Being the youngest of three sons, Navajit’s had a pampered childhood. He recalls having a radio as their pride possession then. The radio was the new big thing in the village and it brought the community together on countless events. Navajit’s father was particularly fond of their radio. He would take it everywhere and after a tiring day in the field, he could be found relaxing in the courtyard while listening to the radio. Navajit recalls that when he was quite young, once his elder brother had switched off the radio when their father was humming along with a song being played on it. This had angered hum much and in a fit of rage he had broken the radio. His brother who had a knack for tinkering with things somehow managed to fix the radio but the broken side panel could not be completely repaired.

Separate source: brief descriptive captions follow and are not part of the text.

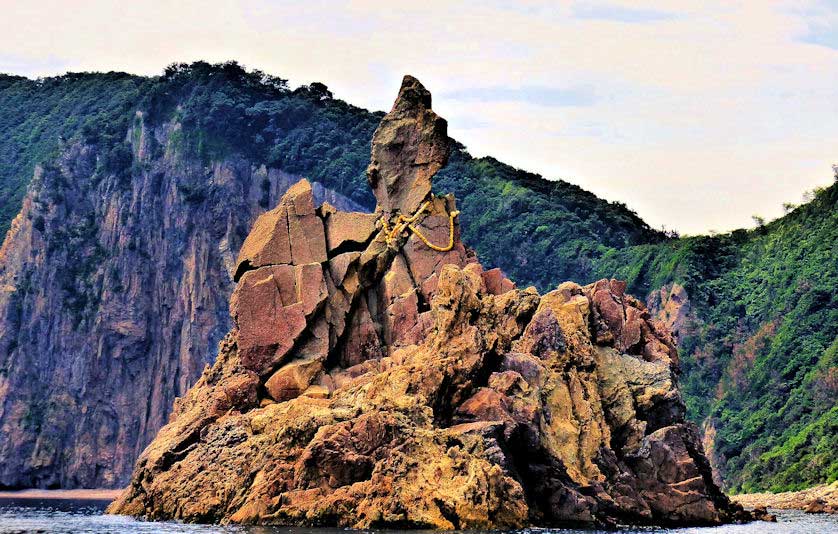 Omijima Island tour cruises, Yamaguchi Prefecture.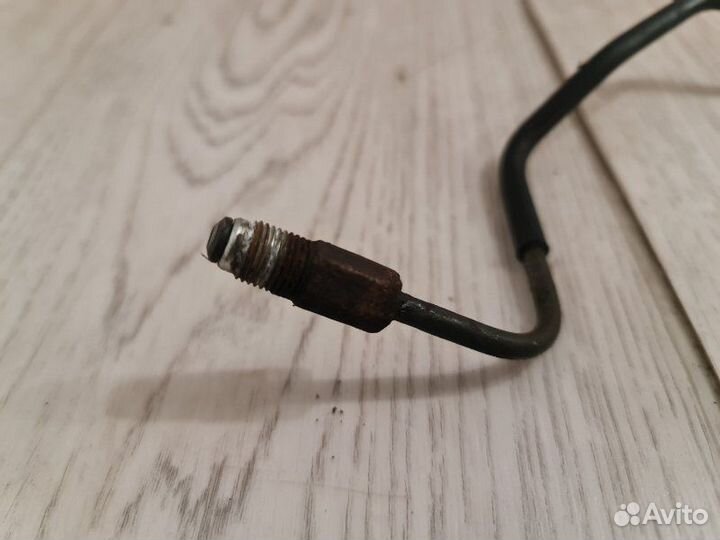 Тормозная трубка задняя левая Mitsubishi Lancer 10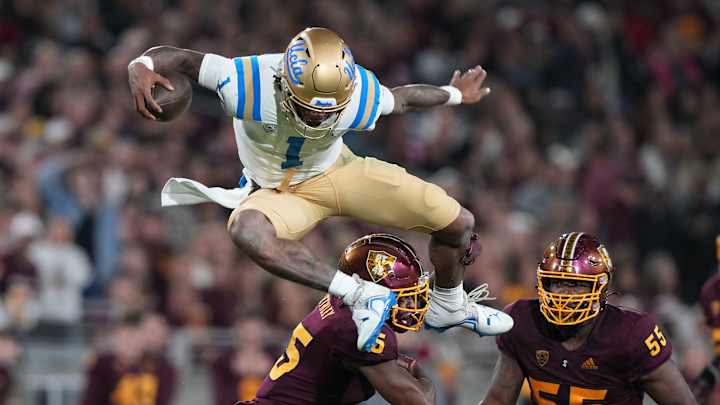 Revisiting the Best Hurdles By UCLA's Dorian Thompson-Robinson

Every time someone visited Navajit’s they would always notice the broken radio and inquire about it. Soon, many in the village started consulting Navajit’s brother to fix their radios whenever a problem arose. The village did not have electricity then and a radio, being an object for entertainment and also listening to the news, mattered a lot. His brother soon mastered the art of fixing the radio and while he worked on the radios, Navajit keenly watched his brother from a distance as he was not allowed to touch anything. Later his brother left home to join his duty in CRPF but not before warning Navajit not to meddle around in his workshop. However, the first thing that Navajit did was to enter the workshop and dismantle everything in his eyesight. Curious by nature, he would open electronic parts and try to configure different mechanisms. Playing around in the workshop soon turned out to be his hobby and he started mastering the art of fixing things just like his older brother.

The villagers being unaware of his brother’s job would still bring broken radios to their house. Many returned disappointed, however Navajit’s first customer trusted him. Navajit fondly recalls the first radio he ever fixed and when asked the fee he took five rupees and bought a big packet of snacks for himself. Soon Navajit became the new radio mechanic in the village. Initially he made mistakes, which he corrected eventually as his experience grew. Through numerous trials and errors, Navajit with time excelled in fixing TVs, Tape recorders, Inverters etc.

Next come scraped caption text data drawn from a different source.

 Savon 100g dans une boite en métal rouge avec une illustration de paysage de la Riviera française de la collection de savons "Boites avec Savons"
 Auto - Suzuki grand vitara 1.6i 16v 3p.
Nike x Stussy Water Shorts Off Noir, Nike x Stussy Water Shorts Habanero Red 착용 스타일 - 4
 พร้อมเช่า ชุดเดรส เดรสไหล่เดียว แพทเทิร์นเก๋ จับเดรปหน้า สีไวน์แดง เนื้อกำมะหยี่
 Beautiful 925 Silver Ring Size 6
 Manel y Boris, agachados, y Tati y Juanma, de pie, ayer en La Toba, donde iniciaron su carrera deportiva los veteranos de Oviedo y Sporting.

The Social Innovator: Navajit Bharali, who has been quite innovative since a very young age, is currently pursuing his postgraduate studies in philosophy (his submission to NIF was received when he was in his first year of bachelors in arts). He mentions that when it comes to machinery, he can capture the functioning with a photographic memory. Always inquisitive, he cannot rest until he finds out solutions of any problem. Navajit considers his family to be the biggest support. He owes everything to his mother who has always supported him emotionally and financially through her small savings. She realized his passion at a very young age and no matter what always encouraged his creativity.

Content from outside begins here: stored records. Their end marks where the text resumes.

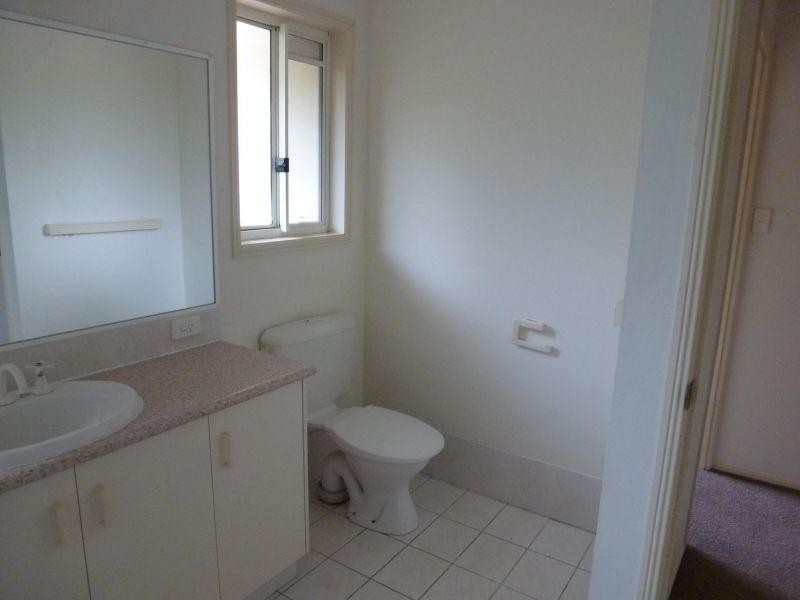 102 Alexander Drive, Highland Park QLD 4211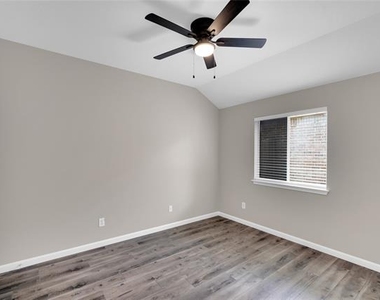 2135 Fair Weather Drive - Photo Thumbnail 6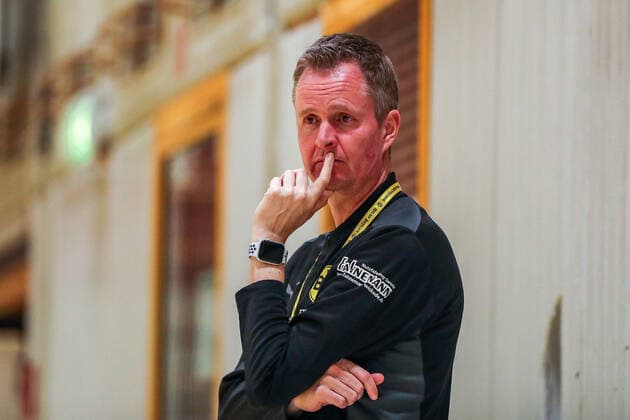 Andre Fuhr Borussia Dortmund BVB Handball Women, head coach dissatisfied, disappointed disappointed, gestures, gestures, GER, Borussia Dortmund BVB vs SG BBM Bietigheim, Football, 1 Handball Women Bundesliga, 23 Spieltag, Saison 2021 2022, 30 04 2022, DFB DFL regulations prohibit any use of photographs as image sequences and or quasi video , GER, Borussia Dortmund BVB vs SG BBM Bietigheim, Football, 1 Handball Frauen Bundesliga, 23 Spieltag, Saison 2021 2022, 30 04 2022 Dortmund Copyright: xEibner-Pressefoto GabrielxBoiax EP_EEP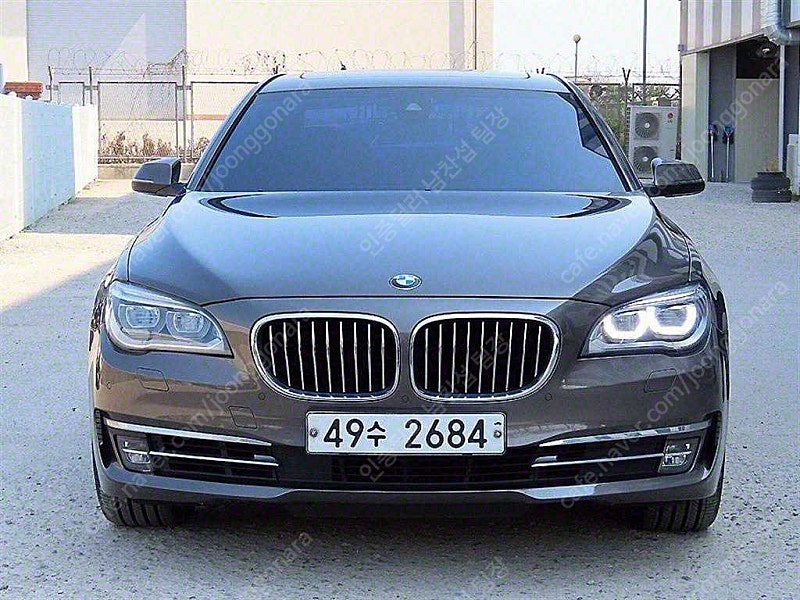 BMW 7시리즈 중고 BMW 중고 BMW 7시리즈 중고차 갈색 2015년식 740 d xDrive 최상의 컨디션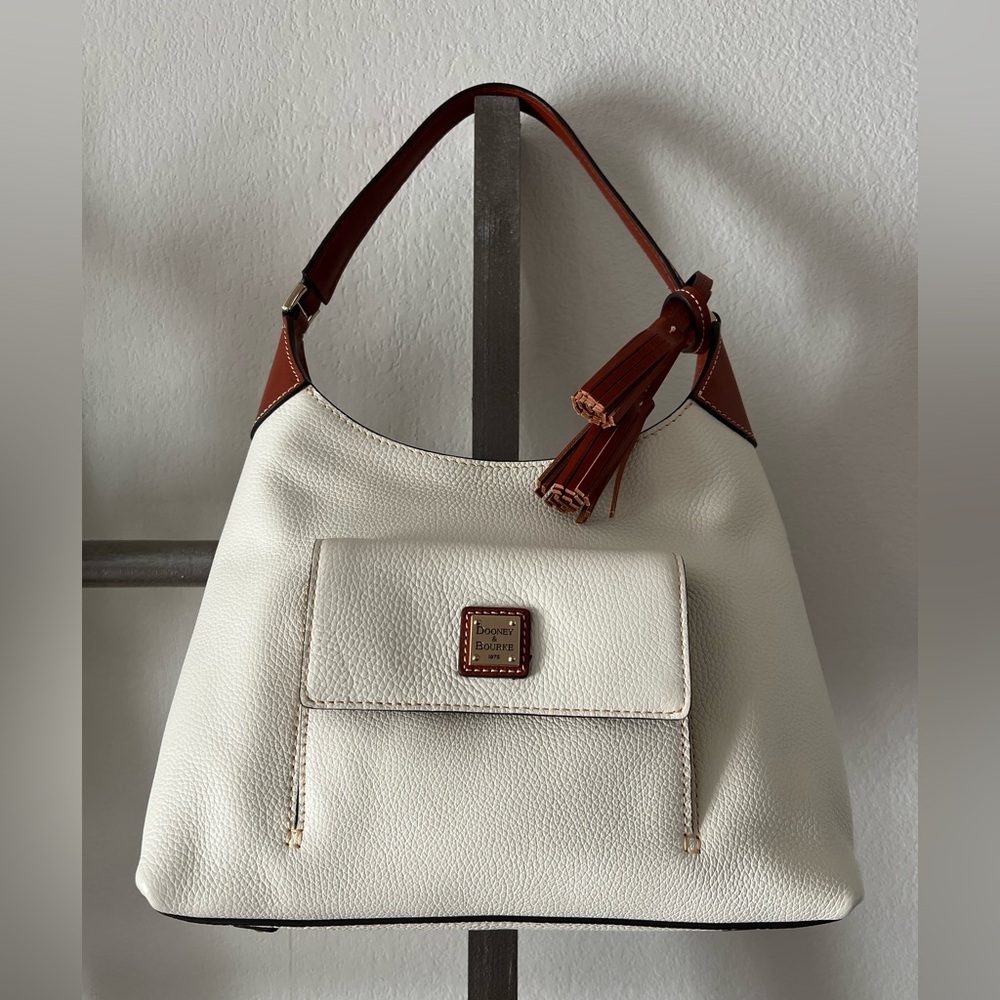 Dooney & Bourke | Pebble Grain Hobo - Picture 2 of 9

Modest by nature, Navajit believes that everyone should have a decent standard of living. According to him, people in the peripheries of the society need to be uplifted and everyone should progress equally. He is a compassionate human being, who thinks in depth and tries to perceive any situation from another’s point of view. He cannot tolerate other’s misery and wants to find ways through his creativity to help the economically weaker section.